The problem
In the listing that follows, how many lines hold the string "Image"? Answer with the number only.

##### Dataset extract #####

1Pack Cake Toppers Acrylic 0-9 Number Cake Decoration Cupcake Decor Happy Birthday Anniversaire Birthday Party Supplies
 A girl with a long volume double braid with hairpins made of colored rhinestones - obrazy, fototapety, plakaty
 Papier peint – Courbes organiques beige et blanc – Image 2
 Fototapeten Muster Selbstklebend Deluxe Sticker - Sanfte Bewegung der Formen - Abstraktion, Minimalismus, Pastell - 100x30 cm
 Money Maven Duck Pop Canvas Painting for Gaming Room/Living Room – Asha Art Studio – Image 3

#####

Exercise answer
2